California Democratic Party Cleaning House Or Covering Its Ass?

An investigation by the Fair Political Practices Commission (FPPC) into whether the California Democratic Party laundered oil and energy company donations for Governor Brown looks like it’s having a side effect: The CDP issued a new decree that it won’t accept any more political donations from oil companies or their Sacramento reps.
 
If the Dems are serious about cleaning up their image, they’ll make the policy permanent. Not just that--they'll use it as a litmus test for those running to replace Jerry Brown as Governor.  Brown publicly sets himself apart as an an anti-climate change trailblazer who touts scores of agreements with other provinces and states to slash carbon emissions 80 percent by 2050. Sadly, Brown talks the talk, but doesn't walk the walk. His policies have been influenced by millions of dollars in donations from fossil fuel companies and industries that rely on oil and gas.
 
The results include Brown's refusal to ban fracking, to limit neighborhood oil drilling right here in Los Angeles, or to impose an oil severance tax that every other major oil-producing state instituted long ago. A climate leader who opens his wallet to Chevron, Tesoro, Occidental, and Exxon, leads in the wrong direction. We already have Donald Trump to do that. What we need is a California that truly leads by example.
 
Consumer Watchdog's report, Brown’s Dirty Hands, which sparked the FPPC investigation, tabulated donations totaling $9.8 million dollars to Jerry Brown’s campaigns, causes, and initiatives, and to the California Democratic Party from 26 energy companies with business before the state. The companies included the state’s three major investor-owned utilities, as well as Occidental, Chevron, and NRG. Between 2011 and 2014, the energy companies tracked by Brown's Dirty Hands donated $4.4 million to the Democratic Party, and the Democratic Party gave $4.7 million to Brown's re-election. Earmarking contributions to political parties is banned under state law.
 
For example, Chevron donated $135,000 to the California Democratic Party the same day lawmakers exempted a common method of well stimulation from legislation meant to regulate fracking.

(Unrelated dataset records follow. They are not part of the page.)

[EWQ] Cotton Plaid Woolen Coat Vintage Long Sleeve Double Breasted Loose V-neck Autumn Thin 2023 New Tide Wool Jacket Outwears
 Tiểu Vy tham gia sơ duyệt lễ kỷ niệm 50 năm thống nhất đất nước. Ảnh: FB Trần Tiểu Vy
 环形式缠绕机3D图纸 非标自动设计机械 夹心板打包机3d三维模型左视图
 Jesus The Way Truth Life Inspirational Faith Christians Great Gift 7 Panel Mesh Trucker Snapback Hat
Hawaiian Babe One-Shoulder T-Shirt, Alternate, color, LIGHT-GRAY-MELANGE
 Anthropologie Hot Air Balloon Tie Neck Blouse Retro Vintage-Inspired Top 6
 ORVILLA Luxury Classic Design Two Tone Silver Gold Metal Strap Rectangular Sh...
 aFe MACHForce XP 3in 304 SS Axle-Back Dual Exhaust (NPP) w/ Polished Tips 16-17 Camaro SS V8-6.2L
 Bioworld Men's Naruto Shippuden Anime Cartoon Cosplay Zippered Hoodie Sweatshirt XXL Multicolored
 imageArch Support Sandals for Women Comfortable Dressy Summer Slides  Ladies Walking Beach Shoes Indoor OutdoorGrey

After the bill passed with an amendment dropping a moratorium on fracking permits, Occidental gave $100,000 to one of Brown’s favorite causes, the Oakland Military Institute. Brown signed the weakened bill. On December 23, 2013, Chevron donated $350,000 to the Democratic Party. On December 30, the Democratic Party donated $300,000 to Brown for Governor 2014, while Chevron donated the maximum to Brown’s campaign, $54,400, on the same day. Less than two months later, Brown came out publicly against a proposed oil severance tax opposed by the oil industry.
 
The new ban on political donations from the oil industry isn’t the only CYA measure that the Party is taking. Another policy now on the table—to be voted on in May—would force party leaders to fully disclose any pay they collect to advocate for statewide ballot initiatives.
 
Eric Bauman, chair of the LA County Democratic Party, faced intense criticism after his own consulting firm collected more than $100,000 from the drug industry working to defeat Proposition 61, a ballot measure to sharply cut drug prices to state healthcare programs by letting California negotiate the same prices that the federal Department of Veterans Affairs does.
 
A long-standing plank of the Democratic Party platform is support for raising the limits on medical negligence lawsuit compensation. Yet the party stayed neutral on Prop 46 in 2014 after Bauman and a long list of well-connected, paid Democratic insiders lobbied against it. Bauman was paid by the California Hospital Association and the communications director for the No on 46 campaign, Deboo Communications, in 2015. As the LA Times reports, Bauman's firm also got paid to consult supporters of Prop 51 to raise billions in school bonds, and Prop 64 to legalize marijuana.
 
RL Miller, Chair of the Democratic Party’s Environmental Caucus and a backer of the payment disclosure decree, flatly states that self-satisfied oil companies spend time “just swaggering around the Capitol.” Industry clearly thinks that it has bought the Democratic Party. Until the Dems cut the strings off their special interest puppeteers, and enforce a ban on oil money--and even go further by banning Democratic Party leaders from working for special interests, the public is justified in thinking the California Democratic Party works for anyone but them.